Maximum Operating Frequency
The 2.4 mm connector is a pin and socket type connector that uses an air dielectric filled interface that assures mode free operation up to 50 GHz. It is also known as the Type Q, or OS-50 connector. Some manufacturers have demonstrated performance up to 60 GHz. The design has been introduced as an open standard under the IEEE 287 Precision Connector Standards Committee.
The 2.4 mm connector was conceived by the Hewlett Packard Company (now Agilent Technologies) and jointly developed with Amphenol and M/A-Com Omni Spectra, released in 1986. The objective was to create a totally new interface that eliminated the performance restraints of having to mate with an existing connector (like SMA) and thereby allowing significant design improvements to be made.
No patent applications were filed to protect the design of the connector and Hewlett Packard allows free use of the interface by everyone. It is important to note that a U.S. patent number 4,648,683 has been granted on the design of 2.4 mm constant impedance contact.

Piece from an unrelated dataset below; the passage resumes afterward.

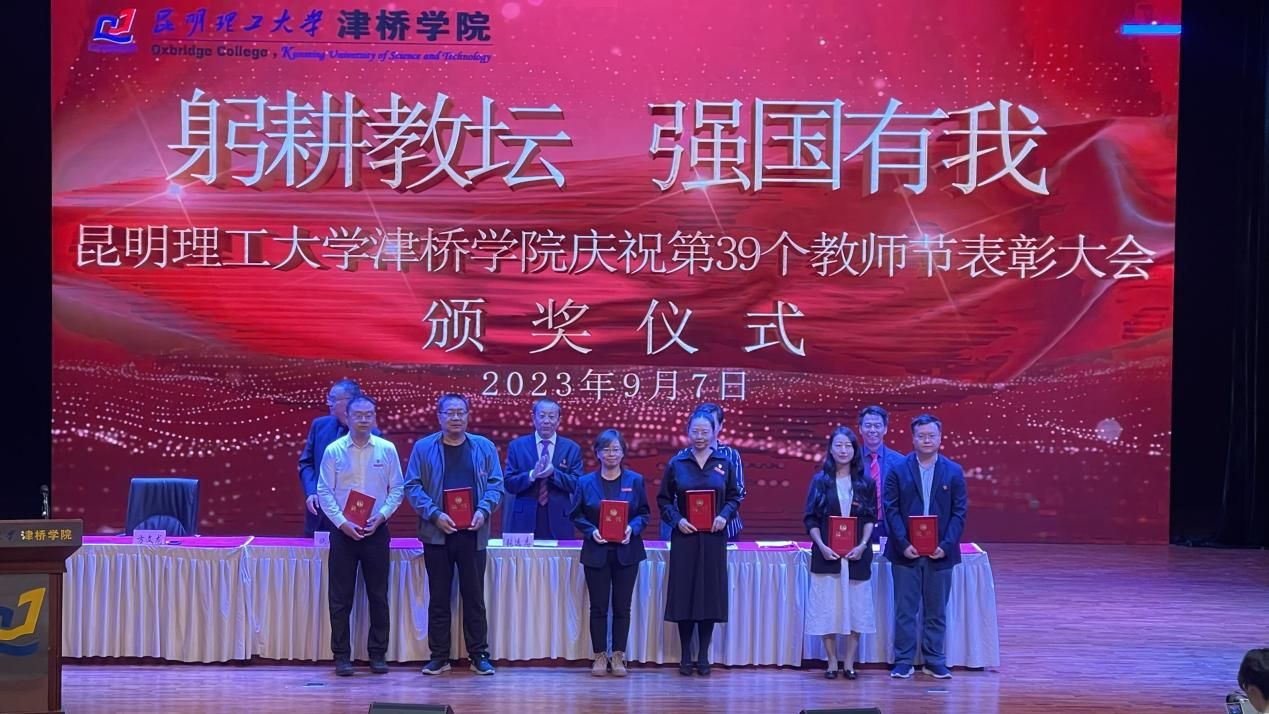 图片12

Due to its high operating frequency range, the 2.4 mm series is considered a mm-Wave RF connector and finds its use in precision instrumentation and other laboratory applications. The 2.4 mm series has compatible interfacing with the 1.85 mm RF connector.
A precision variation of standard 2.4 mm connector is offered by some manufacturers, termed GPC2.4. They feature extremely low VSWR and insertion loss, and are designed to non-destructively mate with standard 2.4 mm series. These connectors generally have a high performance support bead and comply with proposed IEEE standard 287 General Precision Connector, instrument grade.